** PROBLEM **
The entire listing, reproduced exactly and stripped of images, is the expected output.

** SUPPLIED INFORMATION **
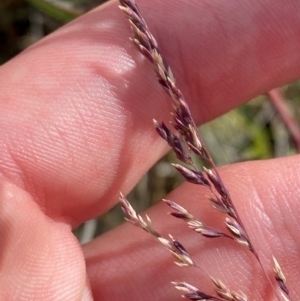 Poa sieberiana var. sieberiana at Mount Mugga Mugga - 29 Nov 2023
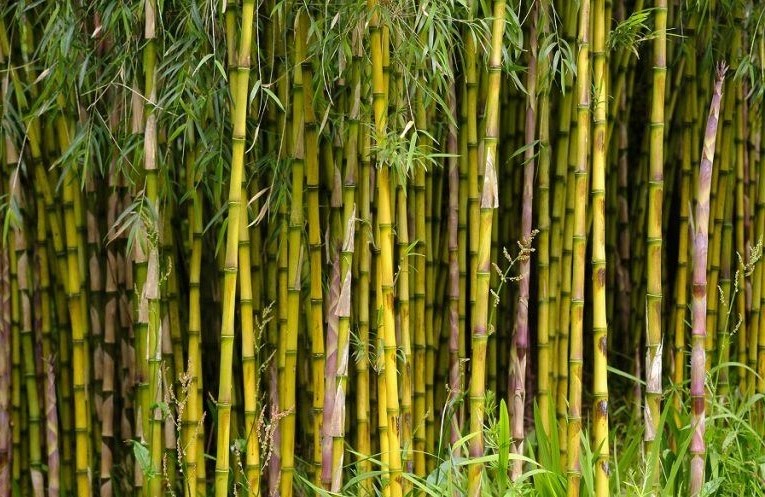 Bamboo Cultivation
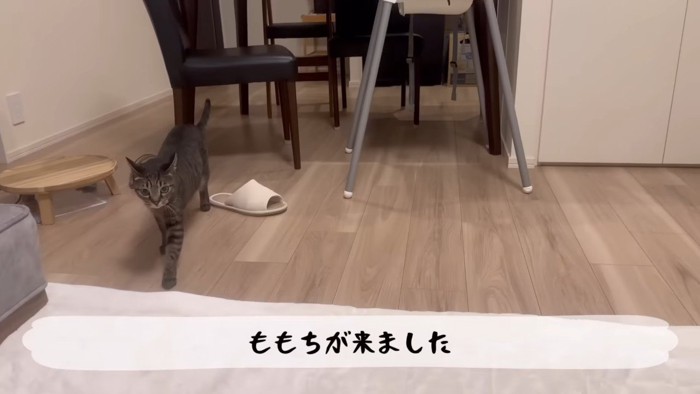 ももちが来ました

** FINISHED EXERCISE **
 Poa sieberiana var. sieberiana at Mount Mugga Mugga - 29 Nov 2023
 Bamboo Cultivation
 ももちが来ました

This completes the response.